John Other Day (c. 1819 – October 30, 1869), also known as Anpetutokeca, was a Dakota leader from Minnesota, a signatory of the Treaty of Traverse des Sioux, and an Indian Scout for the United States Army. Other Day was also a mediator who sought peace between the Dakota and European-American settlers during the Dakota War of 1862 where he fought for the U.S. Government at the Battle of Wood Lake and was a critical figure behind the Surrender at Camp Release.

== Early life ==

Born as Anpetutokeca (English: Good Sounding Voice) in 1819 near Swan Lake, Other Day was originally a formidable Dakota warrior as a young man but later anglicized his name to "John Other Day" (also spelled Otherday) and adopted western forms of life and converted to Christianity. Other Day was the leader of a migratory Wahpeton band of Dakota living between McLeod County, Minnesota and Nicollet County. Other Day was later a witness and signatory of the historic Treaty of Traverse des Sioux in 1851 and later the Treaty with the Sioux in 1858.

During Other Day's trip to Washington, D.C. as part of the 1858 Dakota delegation he engaged in drunkenness and married a saloon owner named Roxana.

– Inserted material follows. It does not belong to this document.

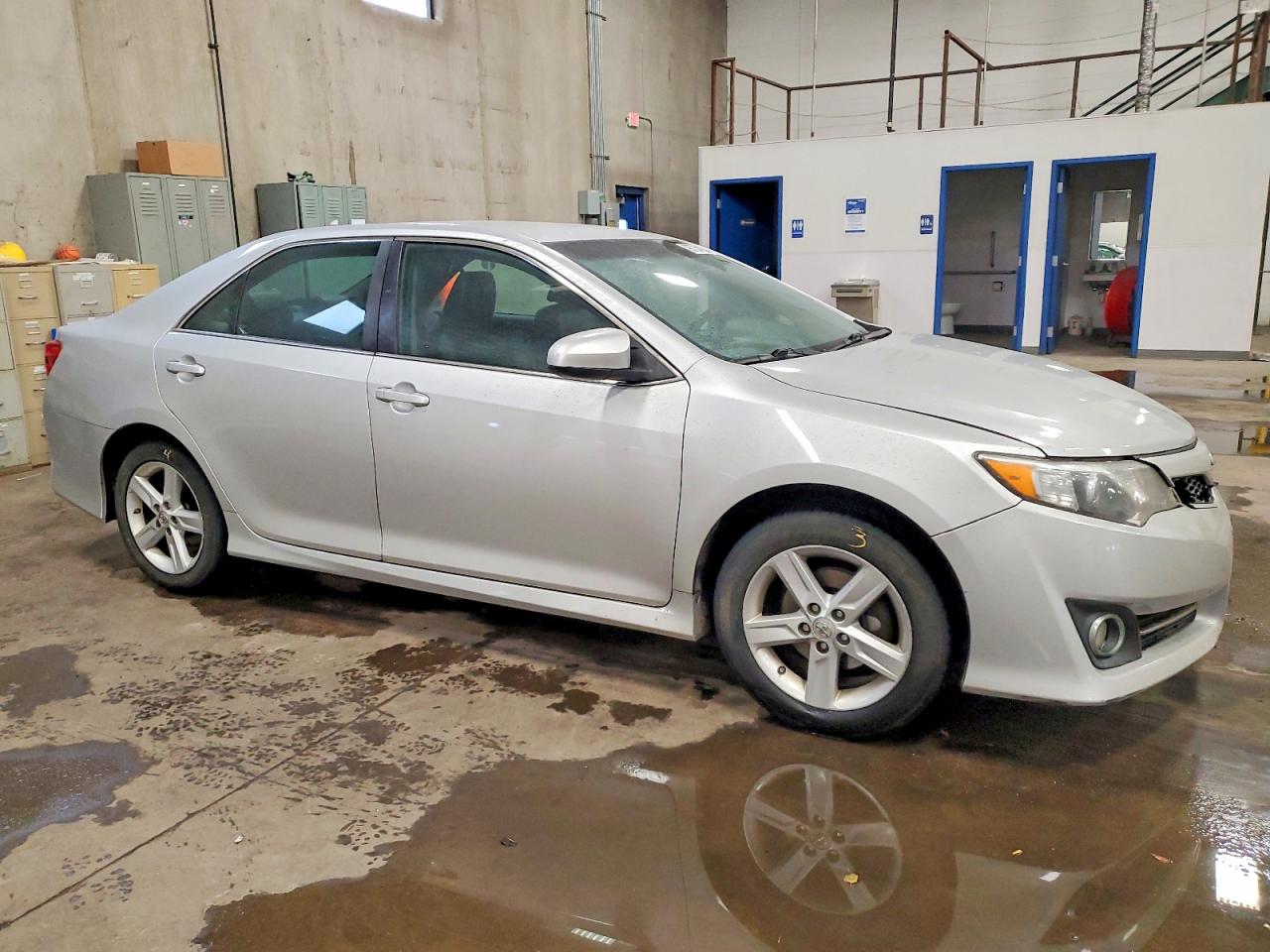 2014 TOYOTA CAMRY L photo 4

Other Day later swore off alcohol and

Other Day was later relocated along with his family the rest of the Dakota to the Upper Sioux Indian Reservation along the Minnesota River in the 1850's following the two treaties.

Other Day took part in the government rescue of Abbie Gardner-Sharp, a captive whose family was killed by Inkpaduta during the Spirit Lake Massacre in 1857.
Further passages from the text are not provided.